1 March 2017
“Infrastructure tax” is a weasel term for “sales tax”
Sen. Mike Phillips (D-Bozeman) and Rep. Dave Fern (D-Whitefish) have asked for bills that authorize local option sales taxes. Neither bill has been introduced, but preliminary drafts are posted on the legislature’s website.
Phillips’ bill, LC0249, dated 20 December 2016, is listed as having the short title of “Allow local option sales tax.” The draft bill’s title, “An Act Authorizing a Local Option Tax of Up to 4% on Designated Goods and Services,” omits “sales,” but it’s clear from the context that the tax is a sales tax.
Fern’s bill, LC1136, is in it’s second iteration.
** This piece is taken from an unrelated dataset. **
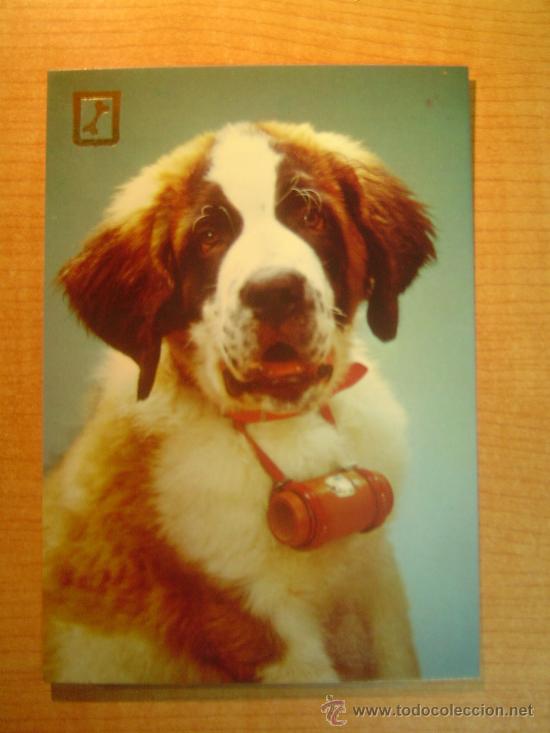 Postais: POSTAL  PERRO SIN CIRCULAR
The first draft, dated 20 December 2016, is virtually identical to LC0249, is titled “An Act Authorizing a Local Option Tax of Up to 4% on Designated Goods.” The second draft, dated 28 February 2017, has a wordier title, “An Act Authorizing a Municipality, a Consolidated City-County, Or a County, By Vote of the Electorate, to Adopt a Local Option Infrastructure Tax on Luxury Goods and Services,” that omits the tax rate, which is set in Section 4 at four percent or less.
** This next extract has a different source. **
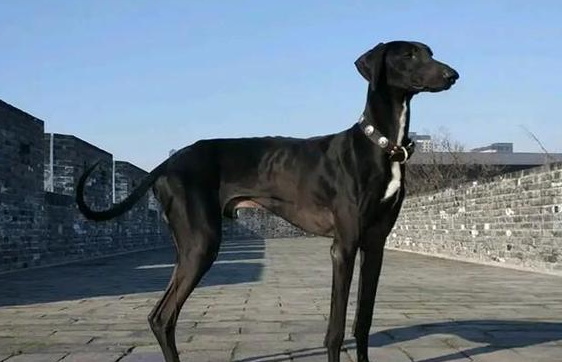 哮天犬是什么品种的犬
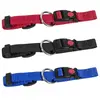 Collier pour chien Dogu Fido Noir 65" DG00100-black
LC1136’s short title (Section 1) is “Local Option Infrastructure and Property Tax Relief Act”
LC1136 names the tax for the projects (infrastructure and a little bit of property tax relief) the tax will finance, not for what is taxed (sales). Under this principle, the fuel tax, colloquially known as the gas tax, would also be named the “infrastructure tax” because it finances roads. LC1136 also finances streets and roads. At least 25 percent of the “infrastructure tax” revenue must be dedicated to property tax rebates.
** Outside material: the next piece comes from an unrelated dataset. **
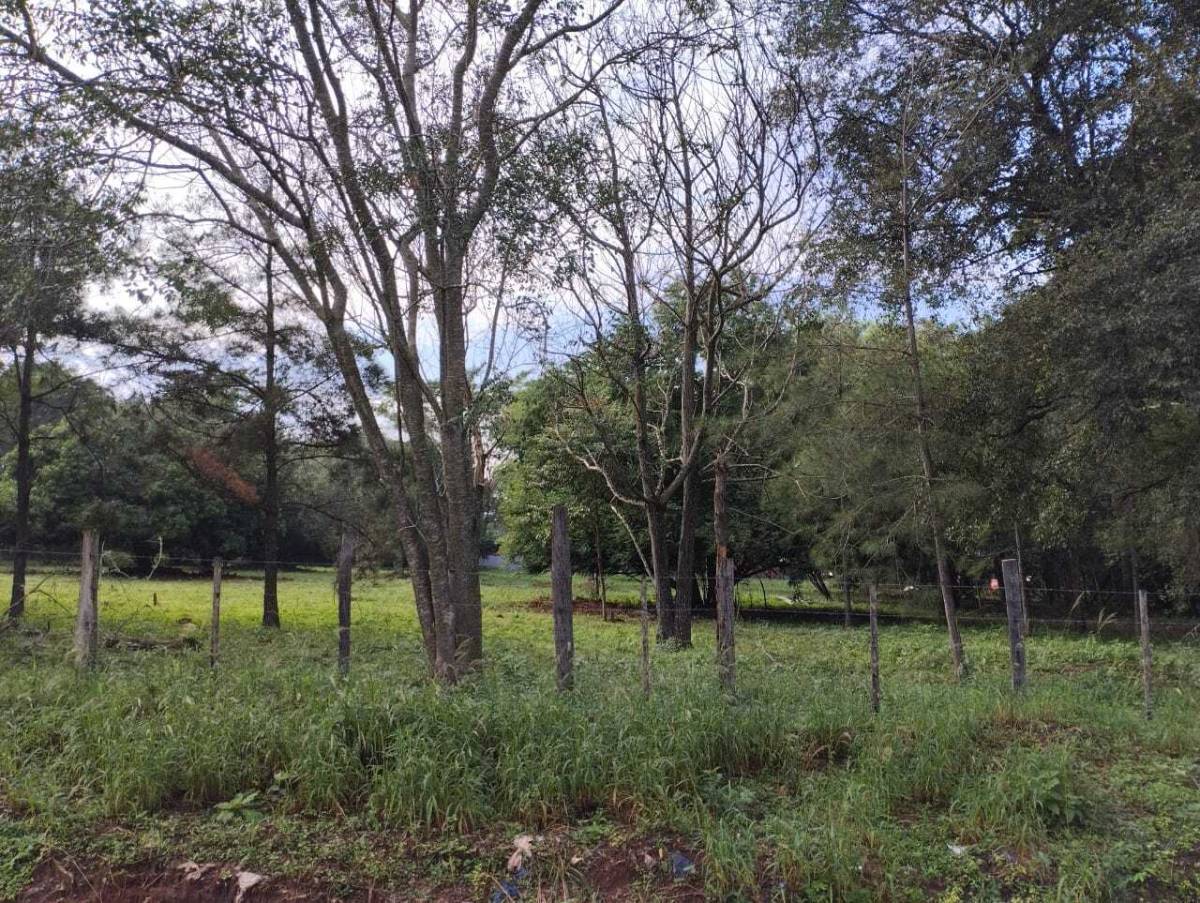 Terreno 12.404 m² zona Palacio de Justicia | Luque — foto 2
Calling a local option sales tax an “infrastructure tax” is not going to fool anyone. A sales tax by any other name is still a sales tax, and Montana’s voters know the quack of a sales tax when they hear it. LC1136 emits the unmistakable sound of the sales tax quack played fortississimo. Calling LC1136 an “infrastructure tax” may make people dance in the streets, but they may fancy-foot the pitchfork march instead of the love thy legislator waltz.
Even with a properly descriptive title that admits the truth that LC1136 is a sales tax, this bill will be hard to pass. Most Republican legislators are ideologically opposed to new taxes, no matter how regressive, unless they are offset by reductions in income taxes. Democrats may be split on the issue; some want to build things, but others dislike sales taxes on principle.
The current draft of LC1136 tries to limit the sales tax to luxury goods and services, which is a considerable improvement on the measure’s first draft. It will, however, make Christmas presents and a grease burger at Deep Fat Freddie’s Diner more expensive: “‘Luxury goods and services’ means a gift item, luxury item, rental motor vehicle, or other item or a service normally sold to the public or to transient visitors or tourists.”
Whitefish enacted a local option sales tax, officially a “resort tax,” that proponents claim is working well. Maybe so, but I no longer buy burgers in Whitefish.